Не случайно в греческом мифе образом девственной вдохновительницы и водительницы мужей является муза, с наибольшей чёткостью эта идея реализована, конечно, в Афине Палладе. Уже у Гесиода Афина осмыслена как перевоплощение изначальной Мудрости; правда, последняя здесь обозначается не словом «мудрость», а его синонимом — «разумность», именно так называет Афину Демокрит[84].
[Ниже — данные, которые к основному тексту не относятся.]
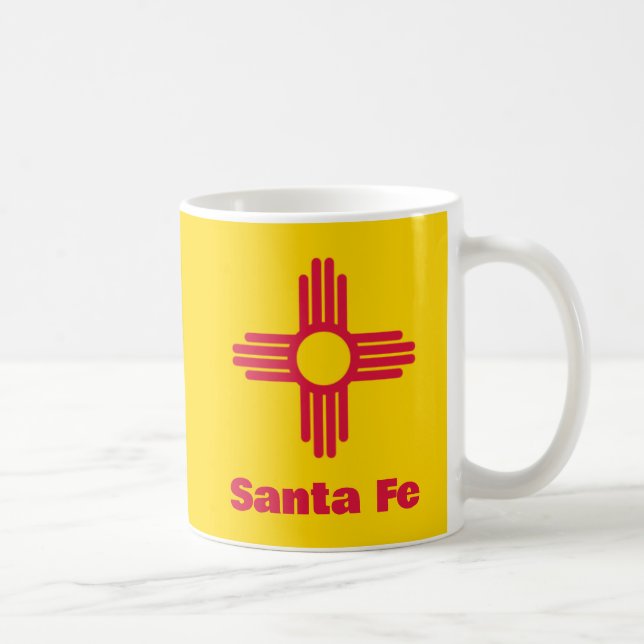 Santa Fe New Mexico State Flagga Zia Sol Kaffemugg (Höger)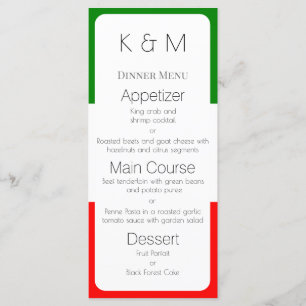 Italien - Flagge Italiens Menükarte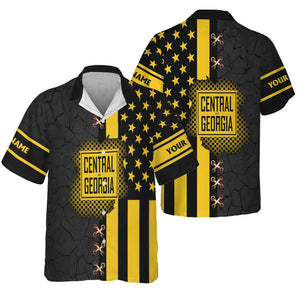 Railspirit Personalized Central of Georgia Railway Hawaiian Shirt American Flag with Crack Effect Train Shirt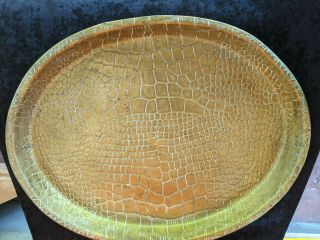 Antique Oval Solid Brass Tray W/ Alligator/reptile Imprint Made In England Js&s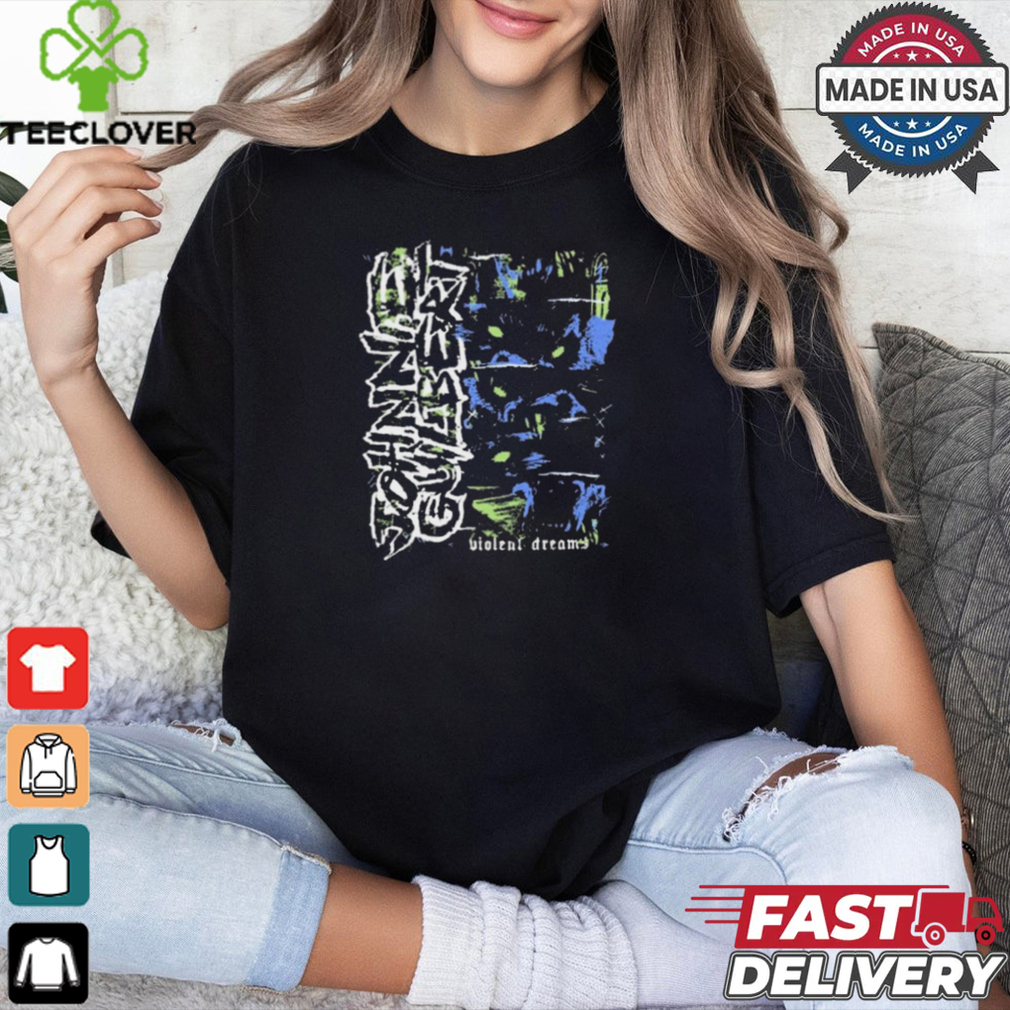 Johnnieguilbert Violent Dream Wolf Blue Green t shirt Johnnieguilbert Violent Dream Wolf Blue Green t shirt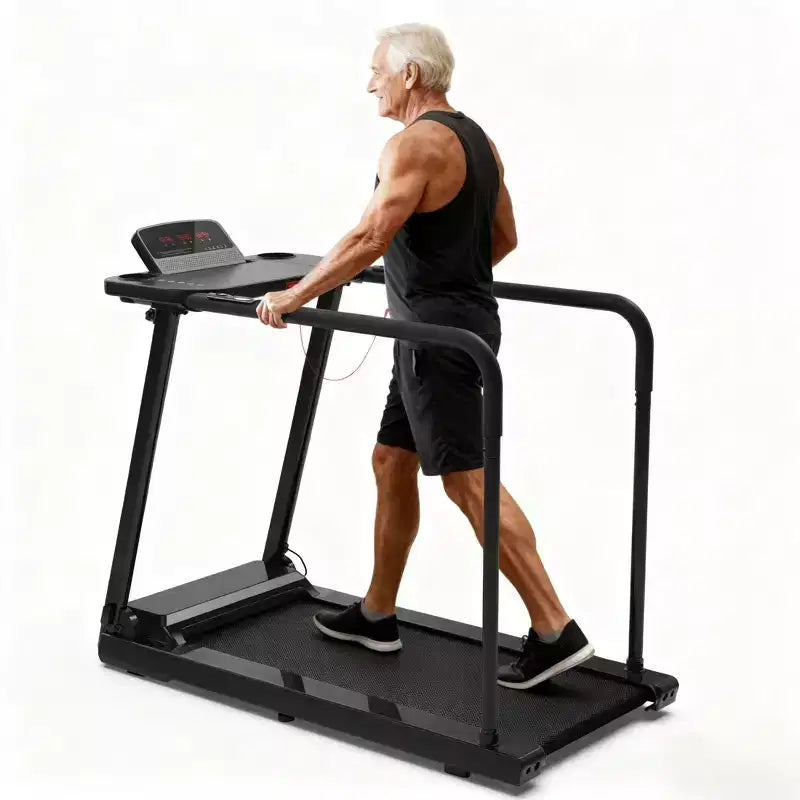 Redliro Tapis de marche pour seniors, Tapis roulant compact à faible impact avec poignées, Tapis de marche sécurisé pour personnes âgées à domicile, 136 kg
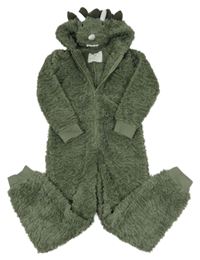 Khaki chlupatá kombinéza s kapucí - dinosaurus F&F
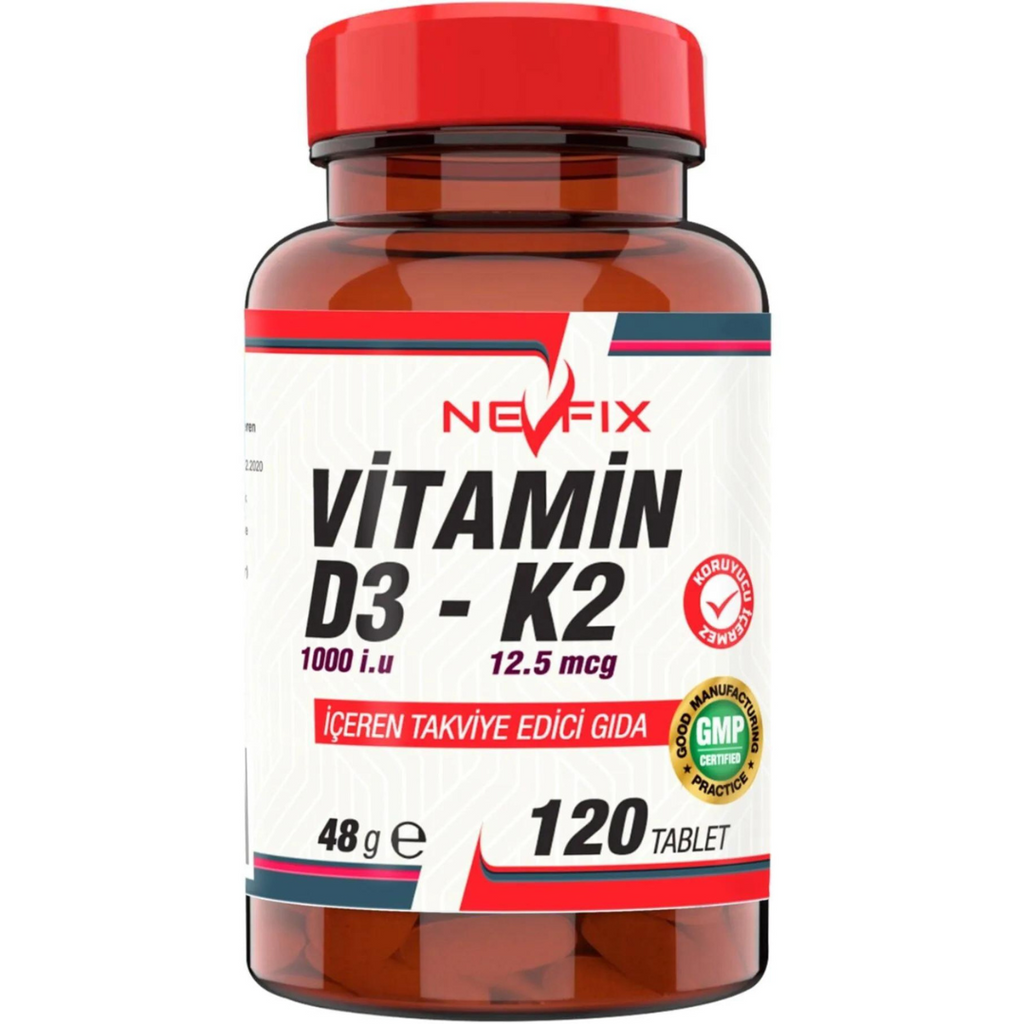 فيتامين د3 1.000 وحدة مع ك2 12.5 مكجم 120 قرص (منتج تركي) Nevfix Vitamin D3 + K2 (Best Before 14-10-2026)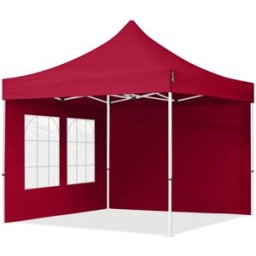 TOOLPORT 3x3 m Carpa plegable, ECONOMY acero 30mm, 2 laterales incl. con ventanas rectangulares, rojo - (59039)
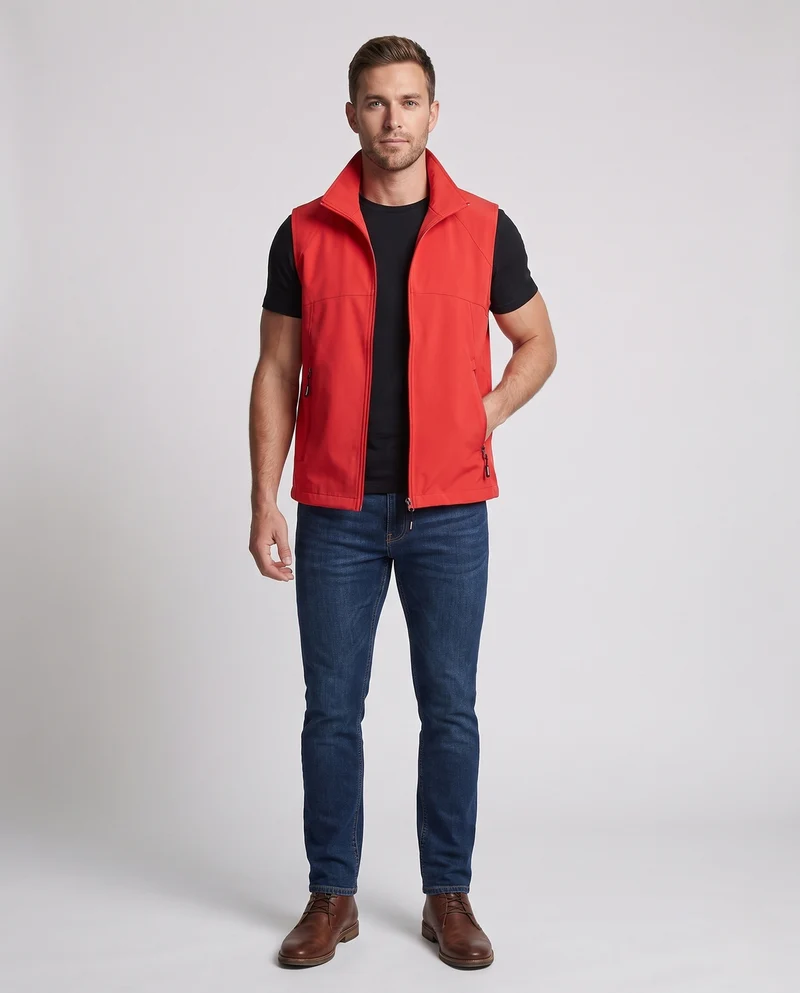 Herren Ultraleichte Atmungsaktive Softshell-Weste mit Mesh-Innenfutter, hohem Stehkragen und Reißverschlusstaschen Nord Taschen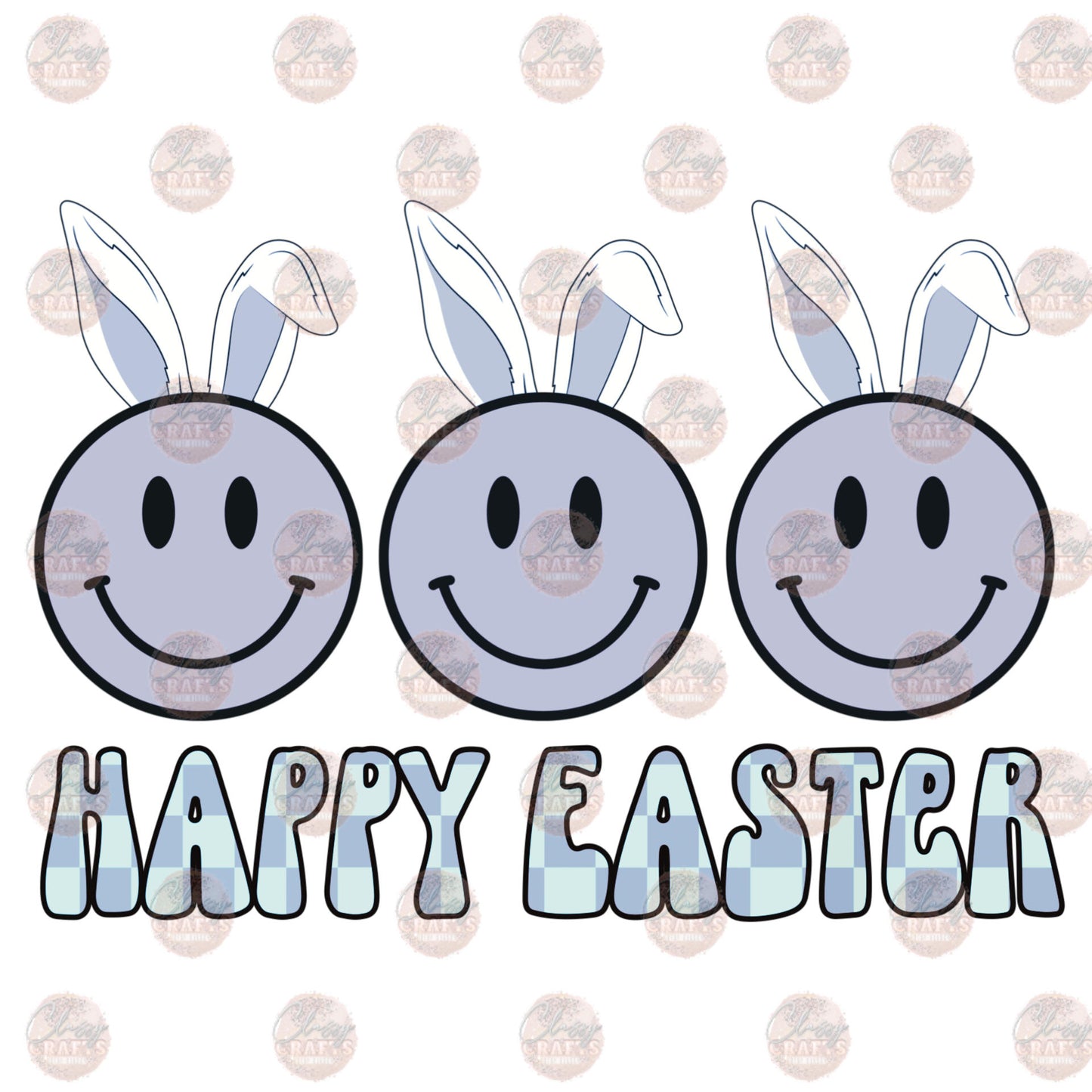 Happy Easter Smiles Blue Transfer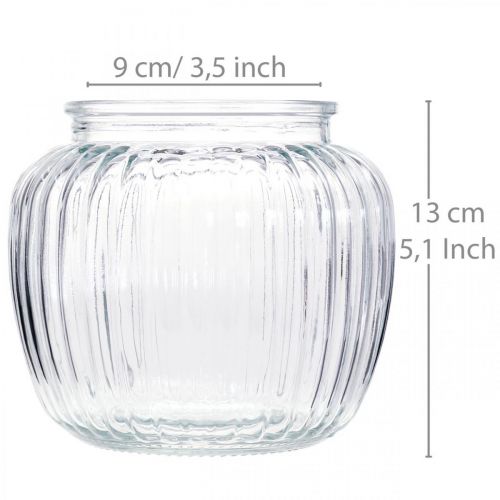 Article Vase en verre vase strié verre Ø14cm H13cm 2pcs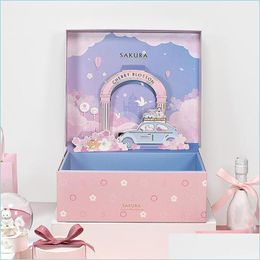 Gift Wrap Gift Wrap Fashion Stereoscopic Box Pink Blue 3D Elk Car Sakura Ered Bronzing Letters Wedding Party Candy Scarf Toy Paper B Dheff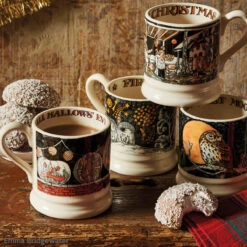 Emma Bridgewater The Night Sky Christmas Carolling Half Pint Mug -Home Furnishings Store emmabridgewater blkwhteorg illustration mugs ls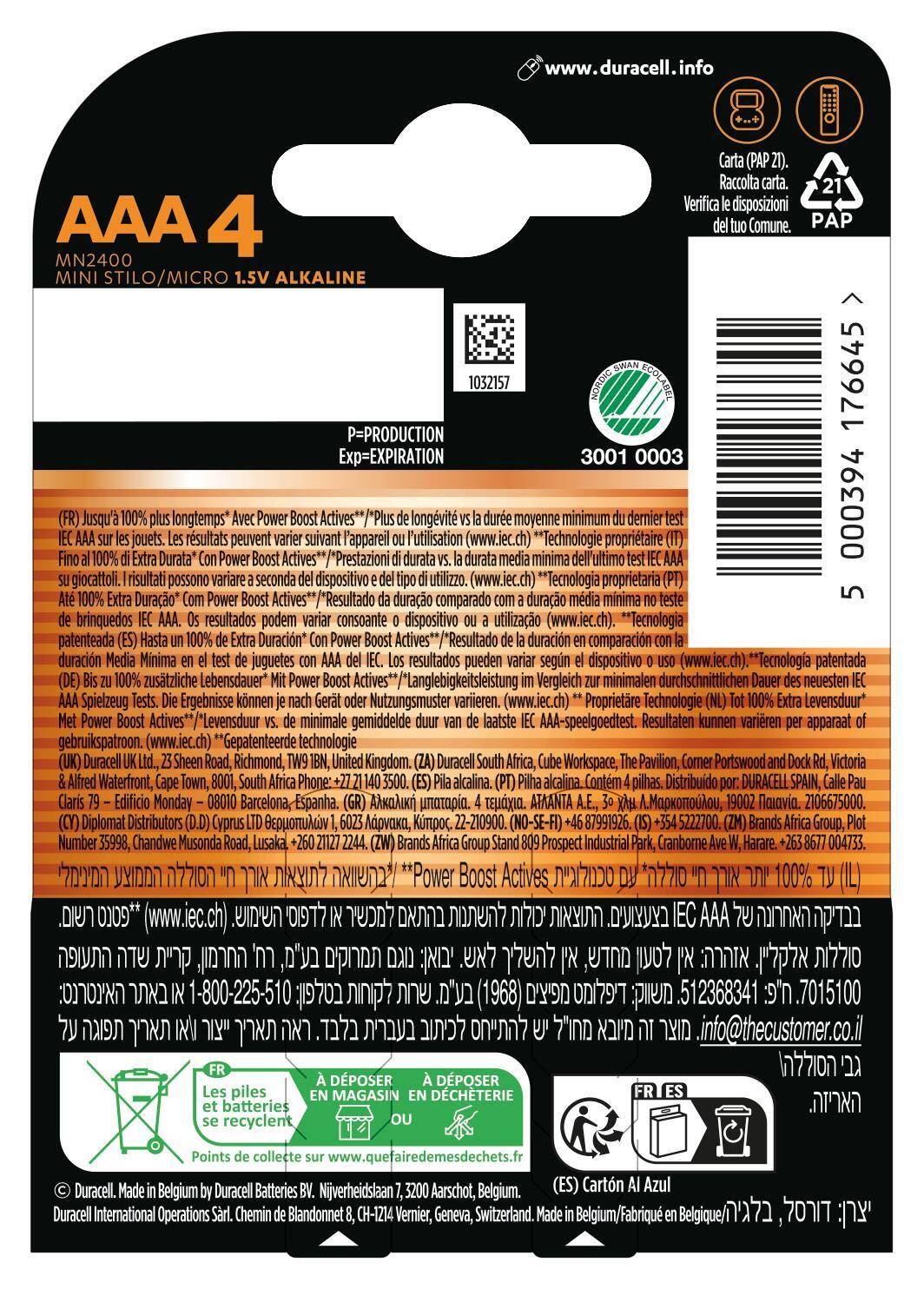 „Duracell AAA alkalické batérie, štítok balenia 4-balenia. Zahŕňa informácie o produkte, čiarový kód, symboly recyklácie a kontaktné údaje."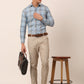 Jainish Men's Cotton Checked Formal Shirts ( SF 819Sky ) | Swadesiicart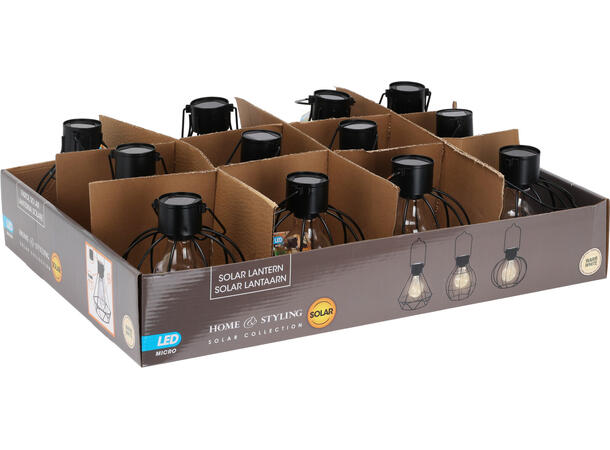 Lykt Solar sort metall h:15-16cm 3ass Display 12stk Inkl. oppladbart batteri 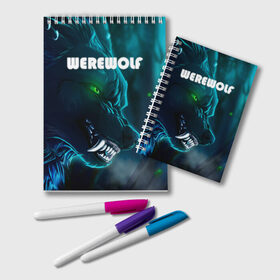 Блокнот с принтом WAREWOLF в Новосибирске, 100% бумага | 48 листов, плотность листов — 60 г/м2, плотность картонной обложки — 250 г/м2. Листы скреплены удобной пружинной спиралью. Цвет линий — светло-серый
 | Тематика изображения на принте: глаза волка | зеленые глаза | злой зверь | неоновые глаза | оборотень | оскал волка | оскал оборотня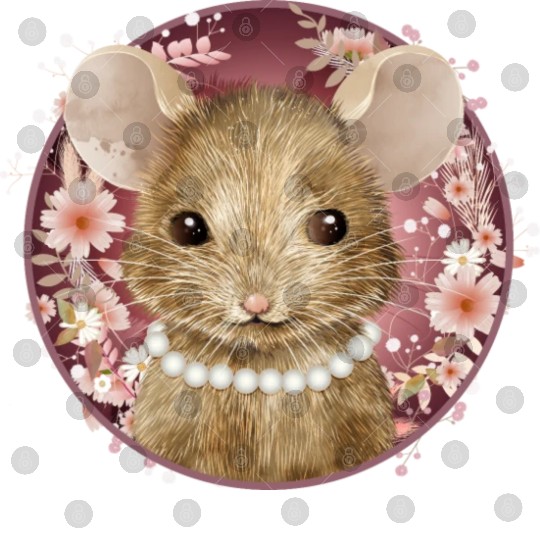Mouse girl with pearls in floral pink frame Digital Files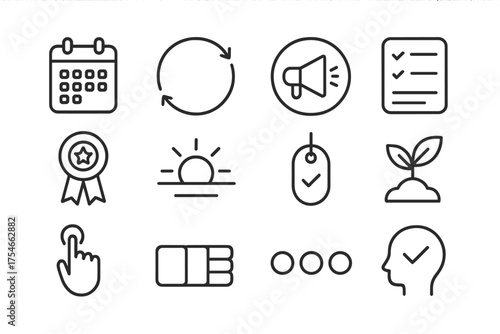 Habit Framework Icons. Line style round icons of habit-building frameworks: streak calendar, habit loop, cue icon, routine card;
В своём качестве Мудрости Афина являет несколько свойств. Во-первых, она девственна: античная мифология представляет себе Афину Палладу обязательно как деву, причём деву не по случайности, но принципиально и непреложно. Но её девственности присуще и некое материнство; «бегущая ложа, многодаровитая матерь художеств» именует её орфический гимн. Она есть мать в силу своей творческой плодовитости, а также потому, что она хозяйка, а именно — хозяйка городов, «Градодержица»[85].
В мифологическом образе богини мудрости обычно соединены четыре взаимосвязанных свойства: 1) девственность; 2) материнство; 3) любовь к устроенным, «благозаконным» городам людей и 4) готовность заступиться за эти города перед гневающимся верховным богом и тем спасти их, оправдывая своё наименование «Градохранительница».
Стоит подчеркнуть, что каждое из этих четырёх свойств войдёт в византийское представление о Богородице. Так что в целом общность между языческой и христианской «Градохранительницами» греческого народа окажется достаточно прочной.
И ещё одна важная черта: особое отношение Афины к верховному богу, Отцу Зевсу, перед которым она заступается за общины людей. Родившись из головы Зевса как его мысль и его воля, она являет собою как бы его второе «я», «занимая ближайшее к Зевсу место», как замечает Плутарх, Она делит с Зевсом его магическую эгиду, так что оба они суть «эгидодержцы». Она же — ключница тех потаённых покоев Зевса, где хранятся перуны, символизирующие мощь его космического действования. В некотором роде можно говорить о «равнозначности» Афины с Зевсом. А потому в своём качестве воплощённой Мудрости она есть не чья иная, как именно Зевсова Мудрость[86]. Поскольку же Зевс, верховный бог, есть как бы «бог вообще», соответствие монотеистического бога на многобожном Олимпе, то Платон и находит возможным назвать Афину «Божьей Мудростью».
Осмысление мифологемы Афины буквально подводит к словосочетанию «Премудрость Божия». Применительно к более глубинным уровням надо сказать, что и образ Афины, и образ Богородицы выявляют каждый из них в соответствии со своей ступенью в истории общественного сознания один и тот же устойчивый евразийский первообраз, удерживаемый памятью народов на протяжении самых различных эпох и восходящий к истокам человеческой духовной культуры.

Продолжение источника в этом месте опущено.